Data extracts:
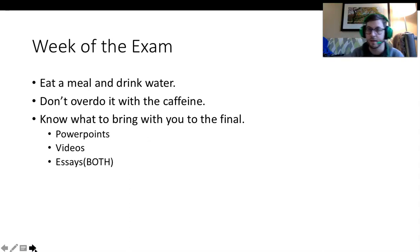Just in general, during finals week, make sure you are trying your best to eat healthy, drink lots of water, and don't completely overdo it with caffeine because that can lead to crashes. Please make sure you have watched and understood the material — the PowerPoints, the videos, and both of the essays that you can find in our weekly folders.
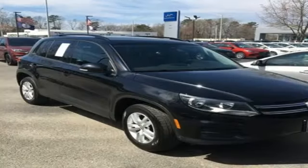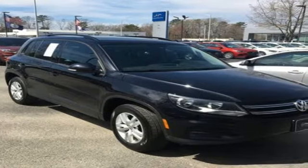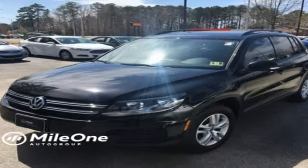Of the Tiguan, Road and Track writes: Volkswagen is now entering the market with a car that is practical, innovative, fun, and actually still compact.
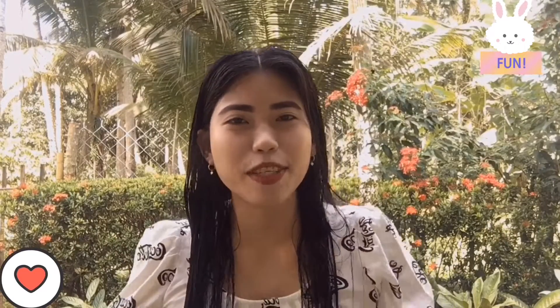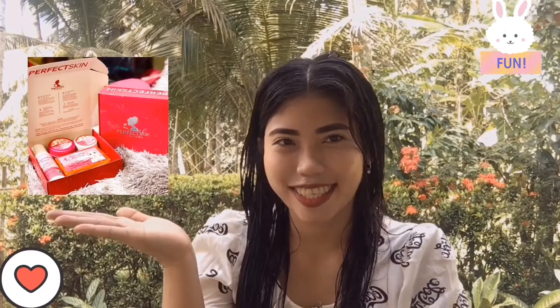Hello, mga ka-ets! So for today's vlog, we will be talking about my journey on this product. I hope you will enjoy this video and keep on watching!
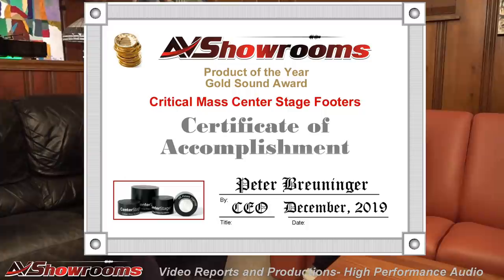That wraps up Products of the Year for 2019. It was a very exciting year. Here we are in the new decade, looking forward to what 2020 will bring. We look forward to seeing everybody at the shows — reach out and say hello. Have a very happy New Year!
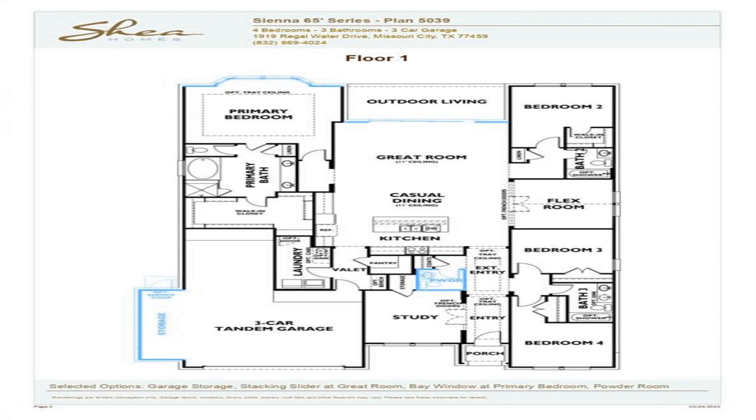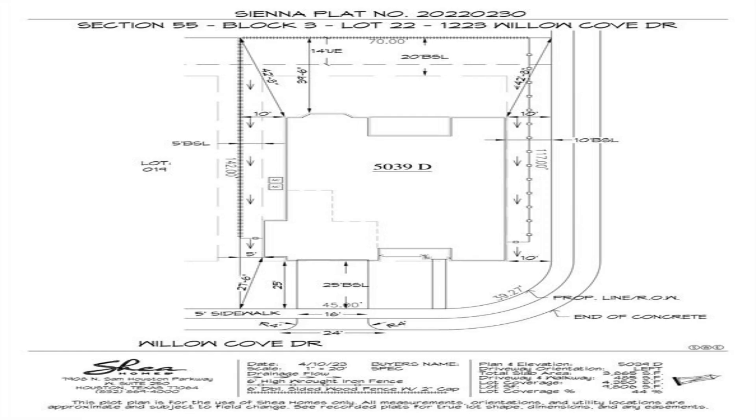For the cook in the home, we have upgraded stainless appliances with double ovens and a five-burner gas cooktop, quartz countertops, a walk-in pantry, and lots of cabinets.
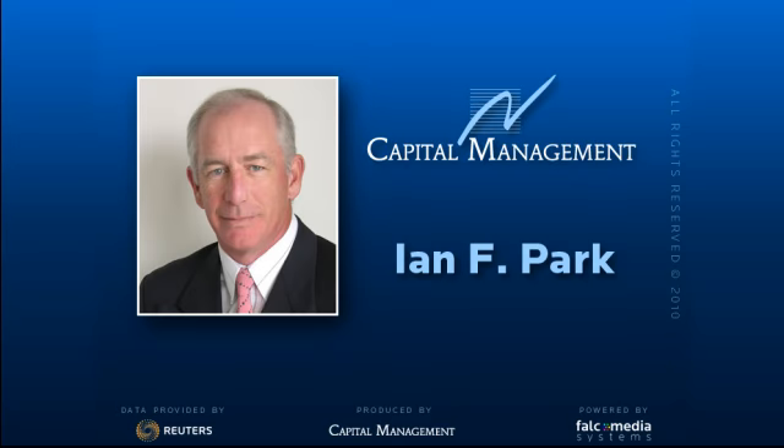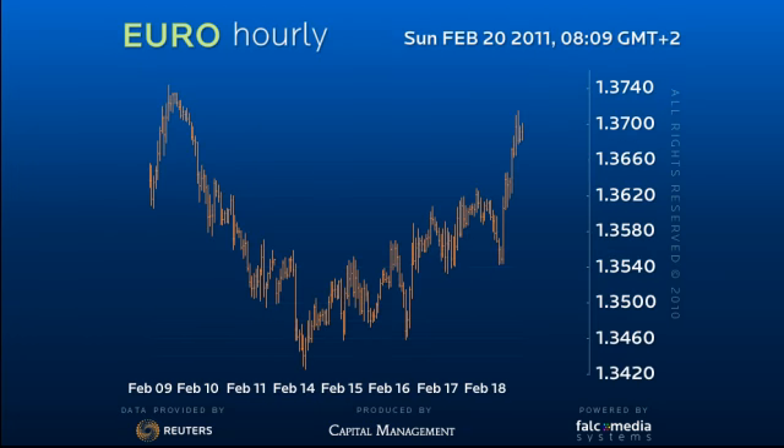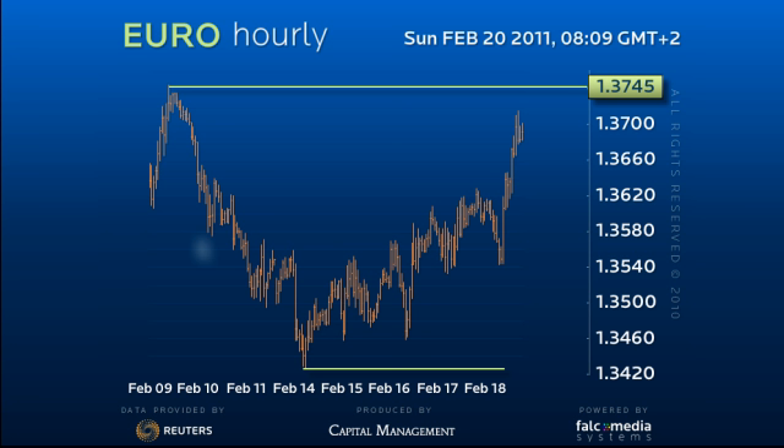Good day and welcome to the intraday update on the EURUSD. The decline from $137.45 to $134.25 was constructive, but the recovery since is erratic at best.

Exercise description:
Type the lines above out again exactly as they appear, skipping every picture.

Solution:
Just in general, during finals week, make sure you are trying your best to eat healthy, drink lots of water, and don't completely overdo it with caffeine because that can lead to crashes. Please make sure you have watched and understood the material — the PowerPoints, the videos, and both of the essays that you can find in our weekly folders.
Of the Tiguan, Road and Track writes: Volkswagen is now entering the market with a car that is practical, innovative, fun, and actually still compact.
Hello, mga ka-ets! So for today's vlog, we will be talking about my journey on this product. I hope you will enjoy this video and keep on watching!
That wraps up Products of the Year for 2019. It was a very exciting year. Here we are in the new decade, looking forward to what 2020 will bring. We look forward to seeing everybody at the shows — reach out and say hello. Have a very happy New Year!
For the cook in the home, we have upgraded stainless appliances with double ovens and a five-burner gas cooktop, quartz countertops, a walk-in pantry, and lots of cabinets.
Good day and welcome to the intraday update on the EURUSD. The decline from $137.45 to $134.25 was constructive, but the recovery since is erratic at best.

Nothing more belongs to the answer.